Secara nuzuli, tema jihad pada ayat-ayat yang turun di Makkah menggunakan gaya bahasa yang kuat, efektif, variatif dan juga dialogis ketika al-Qur’an Makkiyyah menyingkap prinsip-prinsip dasar ajaran Islam.[18] Pada periode Makkah ini, ayat yang memiliki kata dasar “ja>hada” dan “jahada”, tidak satupun ayat jihad yang menyinggung masalah peperangan, akan tetapi yang disinggung pada periode ini lebih ditekankan dengan jalan berdakwah, yaitu berdialog dengan kaum Quraisy Makkah dengan dialog yang baik sehingga ajaran Islam dapat diterima dengan baik dan benar.
Maka janganlah kamu mengikuti orang-orang kafir, dan berjihadlah terhadap mereka dengan Al Qur’an dengan jihad yang besar.” (Q.S. al-Furqan: 52)
Ibnu Kathir pada ayat periode Makkah ini menafsirkan bahwa dlamir “bihi” tersebut kembali kepada “al-Qur'an” bukan jihad maupun perang, karena nabi Muhammad diutus di muka bumi ini untuk berdakwah dan menyampaikan al-Qur'an kepada umat manusia.[19] Juga, umat Islam pada periode ini masih belum ada yang harus dipertahankan dengan perang, sehingga pemahaman tentang jihad menggunakan pedang pada ayat ini dinilai kurang tepat. Tidak adanya perintah perang pada periode Makkah bukan berarti menjadi pertanda bahwa orang muslim masih dalam keadaan lemah, akan tetapi pada saat itu memang orang muslim masih belum memiliki sesuatu yang harus dibela dengan perang, sehingga tidak diperlukan syariat perang.
Berbeda halnya dengan ayat yang turun di Madinah. Periode ini adalah dimana setelah Rasulullah berhijrah ke Madinah, ayat al-Qur’an yang mengandung kata dasar جَاھَدَ dan جَھَدَ masih menunjukkan arti kesungguhan, yaitu kesungguhan dalam mempertahankan diri agar tetap berada di jalan Allah.[20] Sebagaimana diketahui dari literatur sejarah, umat Islam Madinah walaupun telah dikatakan jaya pada masa Rasulullah, bukan berarti mereka tanpa rintangan dan gangguan dalam hal beragama.
Pada periode ini Islam sudah terbentuk dalam suatu tatanan yang terorganisir dan rapi, sehingga perlu adanya strategi untuk membela diri demi terwujudnya masyarakat Islam yang aman dan tenteram.

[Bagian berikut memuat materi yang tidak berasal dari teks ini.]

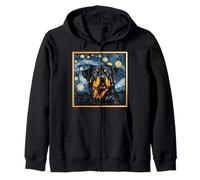 Rottweiler Starry Night Zip Hoodie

Perintah perang itu pun tidak diturunkan secara langsung pada awal periode Madinah, akan tetapi ayat itu turun setelah ada gangguan dari lawan sehingga umat Islam dapat mempertahankan diri dari serangan tersebut.
Di Madinah umat Islam bersandingan dengan kaum yahudi dan orang-orang munafik yang cukup mewarnai kehidupan bermasyarakat pada saat itu, keberadaan orang yahudi dan munafik menjadi cobaan bagi hati mereka untuk tetap mempertahankan keimanan mereka agar tetap kuat dan tidak goyah.
Secara nuzuly al-Qur’an surat al-Ankabut ayat 6, 8 dan 69 terdapat di dalamnya kata جَٰھَدُواْ ,جَٰھَدَا ,جَٰھَدَ dan یُجَٰھِدُ merupakan ayat Madaniyyah yang pertama kali turun. Ayat ini (al-Ankabut: 6) merupakan sebagai motivasi bagi orang Islam pada saat itu, yaitu dengan berjihad mereka akan mendapatkan pahala atas apa yang mereka jihadkan. Jihad yang dimaksud di ayat tersebut adalah berjihad melawan nafsu mereka dengan bersabar dalam melakukan ketaatan dan mencegah diri dari kemaksiatan.[21] Sedangkan al-Ankabut ayat 69 memiliki maksud yang hampir sama dengan al-Ankabut ayat 6. Jihad yang ada pada ayat ini mempunyai makna kesungguhan dalam melaksanakan ketaatan dan menolong agama Allah dan memerangi orang yang memusuhi Allah dengan mendustakan kitab dan rasulnya.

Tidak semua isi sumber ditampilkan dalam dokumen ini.